Der CDU/CSU-Fraktionsvorsitzende Volker Kauder erinnerte daran, dass die Vertriebenen in der Nachkriegszeit nicht überall in der Bundesrepublik willkommen gewesen seien. Sie hätten „Heimat, Unterkunft und Chancen gesucht“ wie viele andere Deutsche nach dem Zweiten Weltkrieg auch. Kauder berichtete, dass seine Eltern als Deutsche aus dem ehemaligen Jugoslawien vertrieben worden seien. Als „Kind von Vertriebenen“ habe er in seiner Schulzeit nicht „von Anfang an dazugehört“. Er habe selbst einen Beitrag leisten müssen, um in diese neue Gesellschaft hineinzuwachsen. Ohne den starken Willen zur Integration wäre die Aufgabe nicht gelungen, sagte Kauder.

Die Nationalsozialisten seien für die Vertriebenen das „Unglück ihres Lebens“ gewesen, berichtete der Fraktionsvorsitzende. Seine Mutter habe ihm damals gesagt: „Wenn die Nazis nicht gekommen wären, hätten wir ein anderes Leben führen können.“

Der Vorsitzende der CDU-Landesgruppe Baden-Württemberg Thomas Strobl erinnerte daran, dass die Bundeskanzlerin Angela Merkel und Staatsminister Bernd Neumann den Beginn des Baus des Dokumentationszentrums der Stiftung Flucht, Vertreibung, Versöhnung im Berliner Deutschlandhaus eingeläutet haben. Dieser Baubeginn sei im Hinblick auf die Erinnerungskultur in Deutschland vor allem für die jüngere Generation ein bedeutendes Ereignis. Jeder vierte Deutsche habe Wurzeln in den ehemaligen deutschen Gebieten oder Siedlungsräumen, und die nachfolgenden Generationen interessierten sich für das Leben ihrer Vorfahren.

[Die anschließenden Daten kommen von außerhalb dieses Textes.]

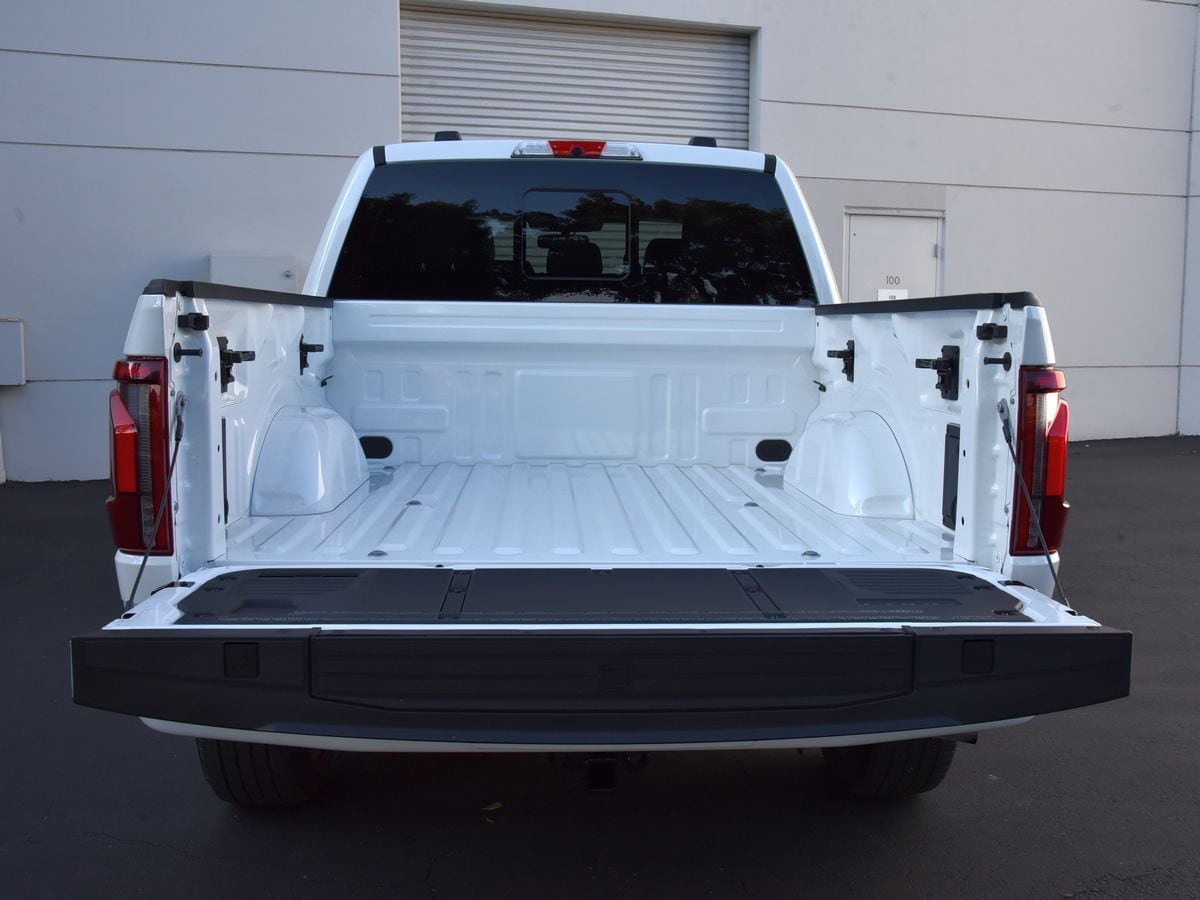 2025-ford-f-150-platinum-tailgate-down-4x3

„Wir als Union haben uns lange einen eigenen Gedenktag für die Vertreibung von Deutschen nach dem Zweiten Weltkrieg gewünscht. Wir sind fest davon überzeugt, dass die Versöhnung in Deutschland inzwischen so weit fortgeschritten ist, dass dem Schicksal von vielen Millionen Deutschen, das sich als Folge des Zweiten Weltkrieges ergab, frei von revisionistischen Gedanken gedacht werden kann. Gleichzeitig sind wir uns unserer historischen Verantwortung bewusst. Wir wissen, etwa durch die Berichte aus Syrien, dass solches Leid auch heute Millionen von Menschen heimsucht.“

Nach einem vom Bundestag verabschiedeten Antrag der Koalitionsfraktionen wird sich die Bundesregierung bei den Vereinten Nationen dafür einsetzen, den Weltflüchtlingstag am 20. Juni um das Gedenken an Heimatvertriebene zu ergänzen. Dieser Gedenktag soll dann auch in Deutschland begangen werden.